一方で、今日の私たちが生きる世界は、高度な分業の上に成り立っています。
砂糖・塩・小麦粉がキロ200円、セーターが2000円で手に入るのは分業の果実です。
分業に頼らず一人でこれらの物をそろえようとすると、気が遠くなりそうな時間がかかります。
このような分業の果実を放棄した生活を、私たちはあまり現実的な選択肢として考えません。
ソローの『森の生活』は好きな作品ですが、彼も小屋の材料はお金で買っているし、湖畔の小屋に住んでいたの2年です。
 
人間関係に思い悩むように出来ているにも関わらず、私たちの多くはそこから自由になる術がありません。

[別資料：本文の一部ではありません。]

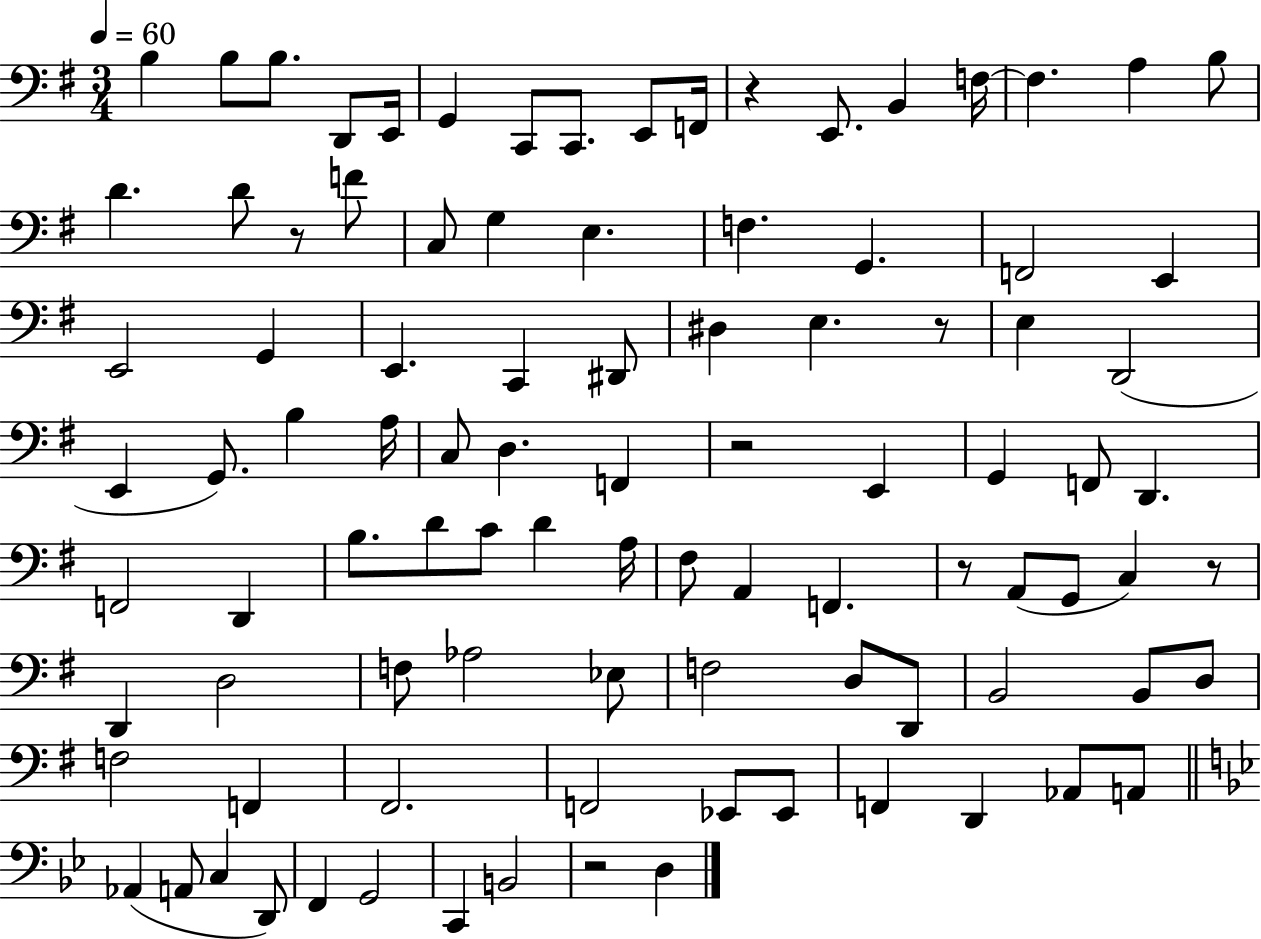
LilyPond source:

(現代の世捨て人の多くは、人間関係を遮断しつつ金銭を得る方法を確立し、分業の果実にフリーライドすることでサバイブする戦略を取っています。これはとても憧れるモデルなのですが、今回は深入りしません。)
 

因果関係の奴隷

人間の認知に関する研究では、私達の脳は因果関係を見出すことに情熱を燃やすわりにその精度が低いことが分かっています。

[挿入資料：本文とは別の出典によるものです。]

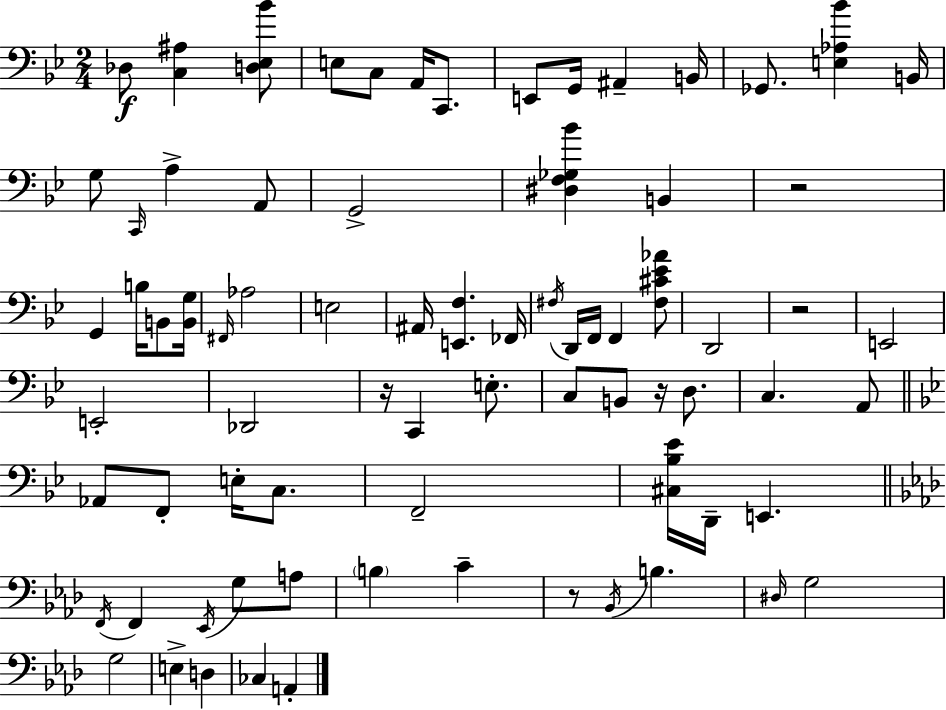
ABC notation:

X:1
T:Untitled
M:2/4
L:1/4
K:Gm
_D,/2 [C,^A,] [D,_E,_B]/2 E,/2 C,/2 A,,/4 C,,/2 E,,/2 G,,/4 ^A,, B,,/4 _G,,/2 [E,_A,_B] B,,/4 G,/2 C,,/4 A, A,,/2 G,,2 [^D,F,_G,_B] B,, z2 G,, B,/4 B,,/2 [B,,G,]/4 ^F,,/4 _A,2 E,2 ^A,,/4 [E,,F,] _F,,/4 ^F,/4 D,,/4 F,,/4 F,, [^F,^C_E_A]/2 D,,2 z2 E,,2 E,,2 _D,,2 z/4 C,, E,/2 C,/2 B,,/2 z/4 D,/2 C, A,,/2 _A,,/2 F,,/2 E,/4 C,/2 F,,2 [^C,_B,_E]/4 D,,/4 E,, F,,/4 F,, _E,,/4 G,/2 A,/2 B, C z/2 _B,,/4 B, ^D,/4 G,2 G,2 E, D, _C, A,,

良い方を挙げると、因果関係を類推するための基本的なツールは、最初から私達の脳に組み込まれています。
1才児であってもニュートン力学(例えば一度動き出した車の玩具は何かに止められない限り慣性で動き続けること)を直感的に理解します。
悪い方を挙げると、そのツールは結構癖があって、間違った挙動をしやすいです。
ダニエル・カーネマンとエイモス・トベルスキーは私達の脳が取りやすい間違った挙動を「ヒューリスティックとバイアス」と呼んで研究しました。
・航空機事故は悲惨な映像で伝えられるので、自動車よりも飛行機の方が危険に感じる(利用可能性ヒューリスティック)

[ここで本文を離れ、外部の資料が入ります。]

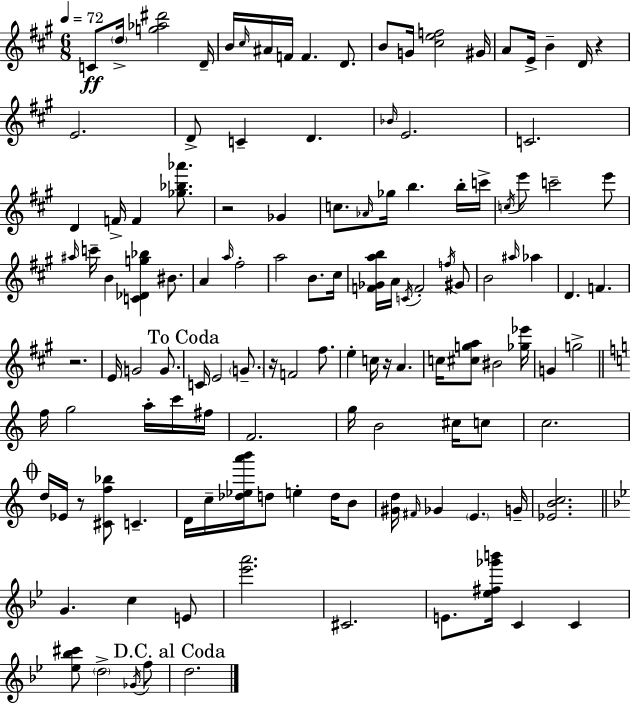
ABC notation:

・内気な眼鏡女子は大学でビジネスよりもフランス文学を学んでいそうに見える(※経営学部と文学部フランス文学科では前者の女子学生数が方が多いのに)(代表性ヒューリスティック)
・選挙もスポーツの試合も金融危機も、後付であれば専門知識が無い人でもそれっぽい説明が出来てしまう(後知恵バイアス)
いずれもあるあるな事例だと思います。
 
 

つながっているけれど因果関係はない

人間関係に敏感な私たちは、分業の糸で因果関係が絡み合った世界に生きています。
そうすると、因果関係の奴隷のような私達は、誰かの行動と誰かの境遇、誰かの得と誰かの損を結びつけて考えます。
自分より幸せな人間がいるせいで、自分が不幸だと思うことがあります。
金持ちがいるせいで自分が貧乏なのだと思うことがあります。
こういった関係は、どこかで繋がっているかもしれませんが、因果関係はありません。
 
僕たちの因果関係類推マシーンはすごく癖が強いことは「健全な他者転嫁」を考える上でも覚えておきたいと考えています。